A little over 10 years ago we had our first kid. The second one followed 2 years later. My bike riding dropped off to next to nothing. Even the commuting suffered when I got an interesting, but stressful job. I'm slowely getting back into it. I dumped the stressful job 4 years ago, and now am commuting 4000 miles a year to work. I still very rarely get out on the weekends. I have managed all these years to do at least one century -- the Sea Gull century. It's the first one I ever did. This year will be 21 times in a row. 

I spend a lot of time doing stuff with the kids. I figure it won't be too much longer when they'll want nothing to do with me and I'll have all the time I want on the weekends. If you can bike commute on a regular basis, that's more cycling than your average weekend warrior puts in. Most weeks, I do 130-155 miles. Keep up the commuting, and do the family thing. Little kids can be exhausting. After a couple years of trying to do it all, I concluded that you just have to slow down and not try to do everything. Frankly, I'd put the century aspirations on hold for the time being.


----------



## crossracer (Jun 21, 2004)

Have you thought about a trailer that the 2 year old can ride in? If nothing else you could go ride the GAP trail out for a hour, stop have time with your daughter, and then ride back. Everybody wins.
bill


----------



## clengman (Jun 14, 2013)

I think getting a trailer is a priority for next summer. (A trailer or a maybe a kiddie tandem? Sheldon Brown said it's safe for a toddler?)
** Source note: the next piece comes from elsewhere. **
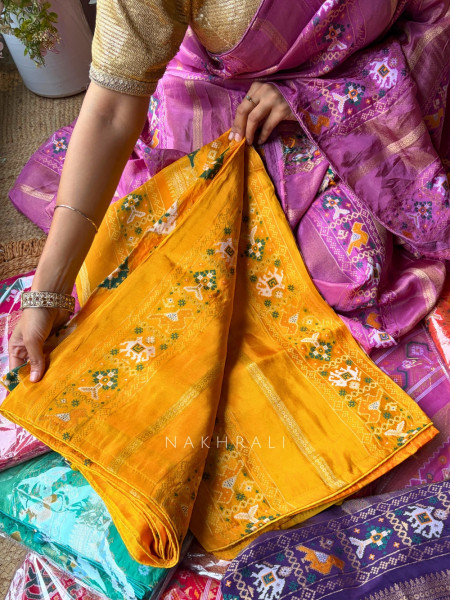 Kalyani Plum Yellow Patola Saree With With Running Blouse Piece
Right now I'm extending my commute when possible. I wake up early and add a 5-10 mile loop on the GAP and the Eliza furnace trails on my way to work. That gives me somewhere around 20 miles in the morning, then 10-15 miles on the way home depending on the route I take. 
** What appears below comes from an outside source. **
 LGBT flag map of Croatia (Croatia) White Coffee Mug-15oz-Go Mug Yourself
I'm trying to stay up around 100 mile/week and I make up what I don't do outside on my stationary bike at night. It's going fine so far.
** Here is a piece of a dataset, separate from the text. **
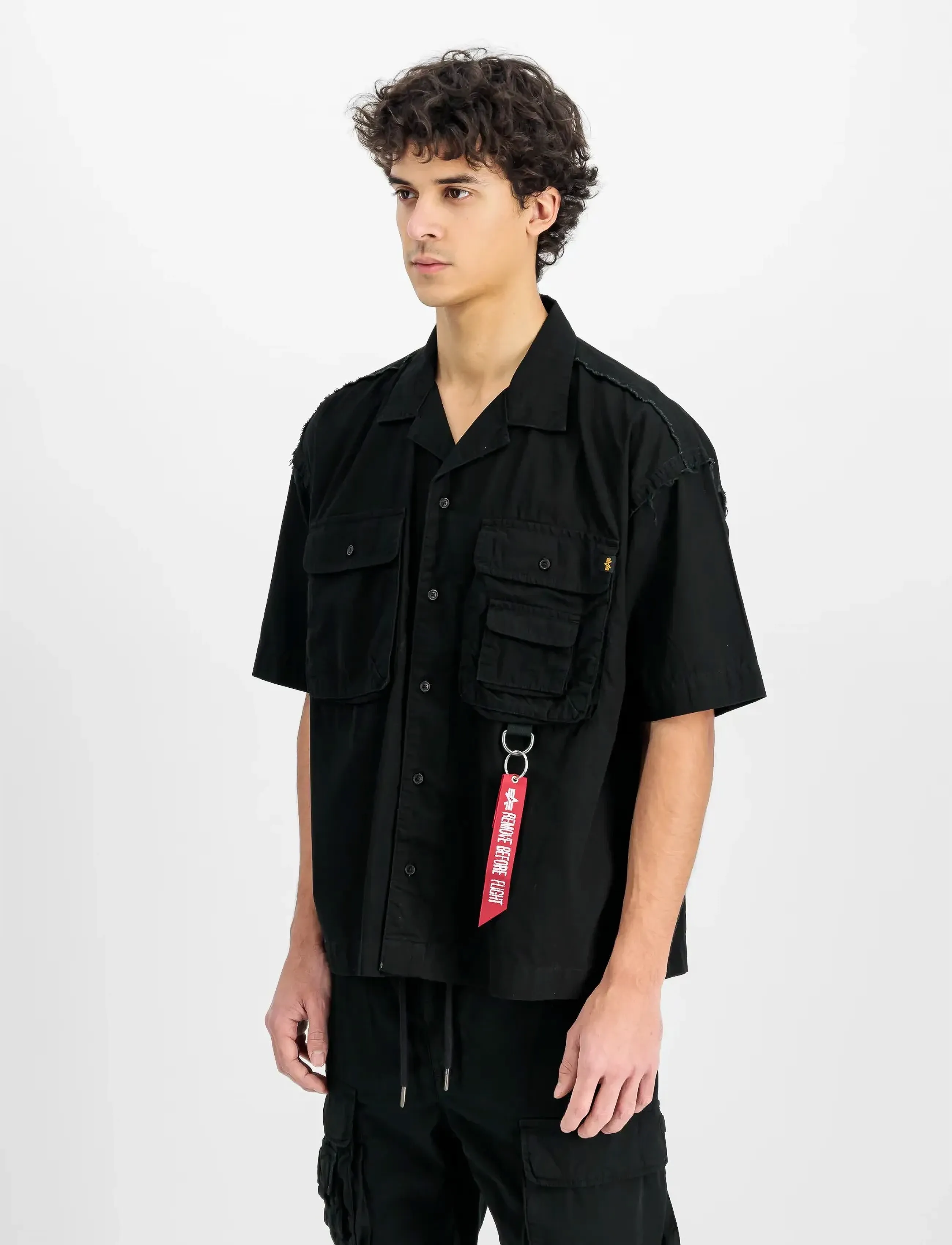 Alpha Industries Aloha Safari Shirt, S, Black, Skjorter > Kortærmede Shirts, Herre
I've got my next long ride coming up this weekend. My sister-in-law is watching the kids while I do a 60-mile Bike MS event with her husband. I'm really looking forward to it.


----------



## Social Climber (Jan 16, 2013)

clengman said:


> I think getting a trailer is a priority for next summer. (A trailer or a maybe a kiddie tandem? Sheldon Brown said it's safe for a toddler?)
> 
> Right now I'm extending my commute when possible. I wake up early and add a 5-10 mile loop on the GAP and the Eliza furnace trails on my way to work. That gives me somewhere around 20 miles in the morning, then 10-15 miles on the way home depending on the route I take.
> 
> ...


 That's great. Best of luck. My experience has been that if you can do a metric century comfortably a full century is not that much more of a stretch. 

Make sure you get some interval training mixed in if you aren't climbing a lot of hills on your regular rides. I highly recommend Sufferfest videos.


----------